SG: Gatekeeping (censorship) by SG 'Blog Aggregators'

I have written a while back on how the internet is 'censored' by singaporean blog aggregators, with particular reference to Not only does Sgdaily censor this site, but, according to my associates, the likes of 'Solo Bear', 'Gopalan Nair', amongst others.

According to self-appointed advocate for SGdaily, Ng E-Jay stated that 'unity' amongst the opposition is important and therefore sites which compromise it could be left out when 'editorial judgement' is practiced. He defended the right of SGdaily to leave out sites on the basis that it is their 'democratic' right to do practice said editorial judgement and leave out sites from their lists. What this mandarin of the opposition fails to appreciate is that democracy ought not to be used as a medium to undermine it. Hence, to stand up for democracy and the right to censor on the basis that individual rights to censor has to be protected is nothing but a nonsensical confucian twist to the idea of democracy. Well, enough about Ng and the narrow minded and racist twits behind SGdaily. (btw, Ng is not only the political editor of TOC, connected to the SDP, and seems to have been quite vociferous in defending SGdaily that I cannot discount the possibility that much of the main sites of 'new media' are connected behind the scenes and divide labour in how information is filtered for the imbibing by the general singaporean populace.)
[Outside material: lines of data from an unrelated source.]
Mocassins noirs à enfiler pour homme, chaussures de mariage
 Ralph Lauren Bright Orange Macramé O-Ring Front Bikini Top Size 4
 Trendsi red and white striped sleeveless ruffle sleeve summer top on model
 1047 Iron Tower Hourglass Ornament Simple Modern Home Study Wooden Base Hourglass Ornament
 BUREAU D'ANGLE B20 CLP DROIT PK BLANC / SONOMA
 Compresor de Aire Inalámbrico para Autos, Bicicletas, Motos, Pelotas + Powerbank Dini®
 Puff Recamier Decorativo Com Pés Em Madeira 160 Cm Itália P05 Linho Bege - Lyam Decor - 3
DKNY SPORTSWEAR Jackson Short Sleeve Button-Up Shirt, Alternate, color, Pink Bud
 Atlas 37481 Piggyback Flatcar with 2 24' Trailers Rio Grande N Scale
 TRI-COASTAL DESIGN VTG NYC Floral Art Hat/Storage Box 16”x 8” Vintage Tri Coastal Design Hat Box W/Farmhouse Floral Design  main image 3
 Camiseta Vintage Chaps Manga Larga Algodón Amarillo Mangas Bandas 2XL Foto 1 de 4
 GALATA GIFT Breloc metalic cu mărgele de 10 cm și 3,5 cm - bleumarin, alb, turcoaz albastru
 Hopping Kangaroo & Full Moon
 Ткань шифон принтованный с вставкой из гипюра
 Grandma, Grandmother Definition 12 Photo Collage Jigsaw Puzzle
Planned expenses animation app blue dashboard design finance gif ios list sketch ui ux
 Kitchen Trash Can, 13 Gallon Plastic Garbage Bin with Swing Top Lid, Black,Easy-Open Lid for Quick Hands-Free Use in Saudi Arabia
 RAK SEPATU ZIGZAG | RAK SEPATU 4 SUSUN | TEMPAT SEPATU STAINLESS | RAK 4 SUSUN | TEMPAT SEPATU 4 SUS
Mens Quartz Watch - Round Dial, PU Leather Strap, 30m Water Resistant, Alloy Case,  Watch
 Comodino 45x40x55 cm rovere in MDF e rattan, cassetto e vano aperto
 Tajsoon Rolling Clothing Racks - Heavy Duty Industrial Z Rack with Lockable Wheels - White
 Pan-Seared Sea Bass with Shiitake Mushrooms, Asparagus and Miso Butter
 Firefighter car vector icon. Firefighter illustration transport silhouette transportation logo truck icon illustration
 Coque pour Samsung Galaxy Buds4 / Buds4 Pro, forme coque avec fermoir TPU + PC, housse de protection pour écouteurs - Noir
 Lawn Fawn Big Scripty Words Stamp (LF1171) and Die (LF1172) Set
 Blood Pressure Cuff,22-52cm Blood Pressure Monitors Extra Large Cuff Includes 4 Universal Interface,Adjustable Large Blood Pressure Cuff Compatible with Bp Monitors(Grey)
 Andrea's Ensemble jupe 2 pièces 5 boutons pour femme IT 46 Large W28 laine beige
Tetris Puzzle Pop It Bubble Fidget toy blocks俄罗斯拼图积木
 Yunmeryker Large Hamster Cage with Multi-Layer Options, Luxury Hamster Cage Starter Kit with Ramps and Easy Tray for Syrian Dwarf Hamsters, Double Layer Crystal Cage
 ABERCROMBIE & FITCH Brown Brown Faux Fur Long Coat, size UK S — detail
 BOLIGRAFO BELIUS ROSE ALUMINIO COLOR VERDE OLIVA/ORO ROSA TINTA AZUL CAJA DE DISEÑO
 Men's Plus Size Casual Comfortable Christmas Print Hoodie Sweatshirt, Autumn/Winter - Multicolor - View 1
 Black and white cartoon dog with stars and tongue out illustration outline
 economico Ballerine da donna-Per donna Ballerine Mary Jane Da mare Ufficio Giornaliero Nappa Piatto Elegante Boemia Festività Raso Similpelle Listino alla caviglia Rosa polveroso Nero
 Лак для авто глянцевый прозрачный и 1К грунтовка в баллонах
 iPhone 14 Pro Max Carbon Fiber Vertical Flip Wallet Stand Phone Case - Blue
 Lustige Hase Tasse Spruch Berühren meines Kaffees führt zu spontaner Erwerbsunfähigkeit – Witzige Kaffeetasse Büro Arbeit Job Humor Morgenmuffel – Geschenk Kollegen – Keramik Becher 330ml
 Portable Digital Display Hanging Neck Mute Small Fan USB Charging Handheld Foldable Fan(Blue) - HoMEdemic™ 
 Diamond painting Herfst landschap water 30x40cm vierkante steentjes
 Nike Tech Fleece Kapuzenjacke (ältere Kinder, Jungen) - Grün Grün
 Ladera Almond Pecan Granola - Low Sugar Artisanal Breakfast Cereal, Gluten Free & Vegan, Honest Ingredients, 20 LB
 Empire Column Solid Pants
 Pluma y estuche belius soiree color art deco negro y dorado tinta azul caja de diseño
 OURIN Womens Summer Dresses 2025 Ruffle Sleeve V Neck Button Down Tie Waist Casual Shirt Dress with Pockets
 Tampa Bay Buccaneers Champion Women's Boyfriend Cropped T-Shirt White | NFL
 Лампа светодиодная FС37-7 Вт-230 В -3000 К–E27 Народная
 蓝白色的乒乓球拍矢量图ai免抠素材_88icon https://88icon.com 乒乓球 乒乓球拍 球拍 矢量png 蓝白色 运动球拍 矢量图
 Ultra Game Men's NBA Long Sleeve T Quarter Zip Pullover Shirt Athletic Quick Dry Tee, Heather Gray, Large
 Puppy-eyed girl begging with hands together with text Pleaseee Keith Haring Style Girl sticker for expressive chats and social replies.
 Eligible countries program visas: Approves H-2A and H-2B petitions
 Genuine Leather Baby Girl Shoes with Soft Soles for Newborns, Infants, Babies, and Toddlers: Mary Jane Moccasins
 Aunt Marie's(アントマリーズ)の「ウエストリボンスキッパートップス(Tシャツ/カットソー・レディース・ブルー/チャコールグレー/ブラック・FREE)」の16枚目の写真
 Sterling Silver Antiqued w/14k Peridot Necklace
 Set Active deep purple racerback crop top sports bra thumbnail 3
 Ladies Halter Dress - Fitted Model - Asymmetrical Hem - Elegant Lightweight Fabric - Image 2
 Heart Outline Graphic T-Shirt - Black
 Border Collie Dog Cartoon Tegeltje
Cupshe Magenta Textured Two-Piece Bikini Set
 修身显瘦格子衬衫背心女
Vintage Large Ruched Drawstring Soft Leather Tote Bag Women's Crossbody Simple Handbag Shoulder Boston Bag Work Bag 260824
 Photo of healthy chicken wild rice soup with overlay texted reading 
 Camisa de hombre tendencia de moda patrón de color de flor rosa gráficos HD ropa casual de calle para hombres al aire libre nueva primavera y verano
Whilst I do quite support for its quite representative approach, I have to say that they too practice some slight censorship, or gatekeeping, themselves. So far, my main problem with them is that they too play favourites in determining which article remains under the 'Most Popular SG Blog Updates' for more than a day or so, whilst others are removed before they can become as popular. In putting forth articles as 'popular' on the basis of hits, and keeping particular articles up beyond the time given to other articles is nothing short of creating popularity as opposed to reflecting it.

We must also remember that Legalist-Confucian societies in general, being ultra-conformist, will tend to laud the value of the 'queue', 'billboard' and 'publicity' as opposed to insight and quality. The former, in other words, is used to determine the latter in states where people have their appreciation of detail and independent thought compromised by the general ethos of awaiting top-down directives before thought and action. This tendency is exacerbated by top-down oppression compromising empathy which in turn compromises one's appreciation of the detail in things as empathy tends to take one out of one's zone of familiarity and consider the value of contrasting phenomena and take on novel perspectives required to do so.

An Indian friend, by the name of Mo, once said to me some years ago, that if he was to start a food stall in singapore, he would hire a few Chinese to form a queue. "Like that", said he, "the business surely make it! Other see the queue, surely join!", said he, seriously. Whilst that might sound offensive to those not inclined toward critical introspection, it is, when all is said and done, a true reflection of Legalist-Confucian societies where independent thought is dependent on the trends of thought and thoughtlessness determined by the powerful, prominent and publicised. That is why, amongst a host of other instances, when one goes into a shop and asks for a quality product, the salesperson almost always states with confidence, 'This one is good, its very popular one'. Ridiculous of course, considering that the experts are generally the producers and not the consumers.

In such a state, to 'tweak' the prominent, or to 'publicise' through gatekeeping, is a technique that can have significant impact on the development of thought and thoughtlessness amongst the masses. With that in mind, all truly democratic minds ought to check on those who purport to represent the nation's interests and play the role of the purveyor of information.